If someone could shatter in fear, it’d be me. Eight months without Kellan is one thing. But I cannot fathom life without Jonah. I wouldn’t want to. “What are you saying?”
He finally rolls back over so we can look at one another. “I am willing to . . . concede, no—not concede, because that would indicate I actually have some say in this—”
“You do,” I cut in. “You absolutely have a say.”
“Nobody truly has a say in someone else’s emotions. Well, except an Emotional . . . But you know what I mean.” His smile is faint. “What I’m trying to say is that, while it was Kellan’s choice to exile himself from you, I actively encouraged it.”
You’d think this would upset me, but it doesn’t, because I know Jonah is not capable of being malicious towards either me or his brother.
“And,” he continues, “I’ve always known what this has done to him. But he’s done it, because he’s altruistic and because he loves me, and I’ve let him because I’m a selfish bastard.”
“No.” I reach over to touch his face, but he gently grabs my hand before I can make contact.
“Yes. I am. But I had an epiphany recently, and even if it kills me to do so, I’m going to back off and let things fall where they may.”
I don’t understand. . .?
“What I mean,” he says, sighing as he places my hand down next to me, “is that I will no longer encourage my brother to stay away from you.” Just as my panic hits the top and spills over the Chloe Terror Meter, he adds, “That’s not to say that I’m encouraging you two to go off and get married or even . . . do anything like you did in that cave . . . but, there has to be some kind of halfway point we can all meet at. Because I miss him and hate knowing that I’m destroying him like I’ve been doing—”
“You would never do that—” I start, but he waves me off.

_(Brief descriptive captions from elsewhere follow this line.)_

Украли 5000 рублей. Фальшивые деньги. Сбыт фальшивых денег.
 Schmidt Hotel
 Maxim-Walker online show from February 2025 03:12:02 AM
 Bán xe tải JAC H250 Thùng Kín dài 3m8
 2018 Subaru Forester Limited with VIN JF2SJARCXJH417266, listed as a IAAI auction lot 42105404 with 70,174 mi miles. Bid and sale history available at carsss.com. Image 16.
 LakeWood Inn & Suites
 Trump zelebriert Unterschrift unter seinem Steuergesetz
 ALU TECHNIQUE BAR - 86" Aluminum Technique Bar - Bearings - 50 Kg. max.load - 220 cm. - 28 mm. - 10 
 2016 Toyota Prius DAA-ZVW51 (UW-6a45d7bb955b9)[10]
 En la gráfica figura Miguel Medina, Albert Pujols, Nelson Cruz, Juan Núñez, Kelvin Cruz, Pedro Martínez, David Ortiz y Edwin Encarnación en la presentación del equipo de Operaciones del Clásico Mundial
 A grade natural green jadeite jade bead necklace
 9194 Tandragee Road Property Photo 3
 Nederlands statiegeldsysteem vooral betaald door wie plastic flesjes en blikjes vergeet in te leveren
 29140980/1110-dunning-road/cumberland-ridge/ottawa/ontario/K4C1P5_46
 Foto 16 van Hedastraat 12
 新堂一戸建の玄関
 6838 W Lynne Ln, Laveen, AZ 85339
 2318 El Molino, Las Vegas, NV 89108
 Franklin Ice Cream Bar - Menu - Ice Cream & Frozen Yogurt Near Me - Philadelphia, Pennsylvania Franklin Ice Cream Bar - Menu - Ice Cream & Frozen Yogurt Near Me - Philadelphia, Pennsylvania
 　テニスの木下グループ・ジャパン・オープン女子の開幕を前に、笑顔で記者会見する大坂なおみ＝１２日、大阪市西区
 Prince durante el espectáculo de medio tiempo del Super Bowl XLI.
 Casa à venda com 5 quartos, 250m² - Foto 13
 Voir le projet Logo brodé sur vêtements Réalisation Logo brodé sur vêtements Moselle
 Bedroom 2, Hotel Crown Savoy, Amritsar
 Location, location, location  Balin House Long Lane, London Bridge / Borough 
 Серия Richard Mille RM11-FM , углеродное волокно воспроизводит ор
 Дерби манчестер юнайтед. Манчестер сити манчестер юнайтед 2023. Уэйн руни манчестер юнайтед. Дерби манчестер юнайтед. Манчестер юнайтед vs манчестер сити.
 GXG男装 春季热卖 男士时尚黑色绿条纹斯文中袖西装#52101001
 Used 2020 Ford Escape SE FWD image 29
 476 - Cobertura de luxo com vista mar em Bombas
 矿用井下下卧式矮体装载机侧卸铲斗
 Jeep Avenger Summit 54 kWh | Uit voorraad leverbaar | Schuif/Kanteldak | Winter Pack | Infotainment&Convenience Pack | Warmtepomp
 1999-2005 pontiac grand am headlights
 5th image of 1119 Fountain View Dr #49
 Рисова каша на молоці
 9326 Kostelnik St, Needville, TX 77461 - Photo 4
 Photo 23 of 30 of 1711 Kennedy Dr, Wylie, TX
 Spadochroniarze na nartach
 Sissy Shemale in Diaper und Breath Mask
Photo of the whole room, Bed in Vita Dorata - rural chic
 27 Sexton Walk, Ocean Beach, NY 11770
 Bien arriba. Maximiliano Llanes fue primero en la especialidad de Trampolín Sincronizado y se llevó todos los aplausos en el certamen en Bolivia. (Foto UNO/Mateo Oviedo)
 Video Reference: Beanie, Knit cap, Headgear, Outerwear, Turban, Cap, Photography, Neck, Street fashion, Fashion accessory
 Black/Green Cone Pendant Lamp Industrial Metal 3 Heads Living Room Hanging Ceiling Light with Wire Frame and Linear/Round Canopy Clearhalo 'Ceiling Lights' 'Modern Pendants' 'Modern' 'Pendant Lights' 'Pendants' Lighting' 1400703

“Yes, I did. I’ve fully known every last misery he’s been going through. People with Connections are not meant to deny themselves of their significant others.”
“He’s not my—”
“You know what I mean. The fact that he’s been able to go this long is, frankly, astounding, and a testament to how much he loves us both. But having no contact with one another hasn’t done either of you any good. So what I’m suggesting, I guess, is that maybe you two can be . . . friends?”
I dumbly repeat back, “Friends?”
“Yes,” he says quietly. “Friends. Not friends with benefits, you know, because I have my limits, but . . . friends . . . who are there for one another. Who are actively involved in each other’s lives.” He studies me intently. “What do you think? Is this maybe an acceptable alternative?”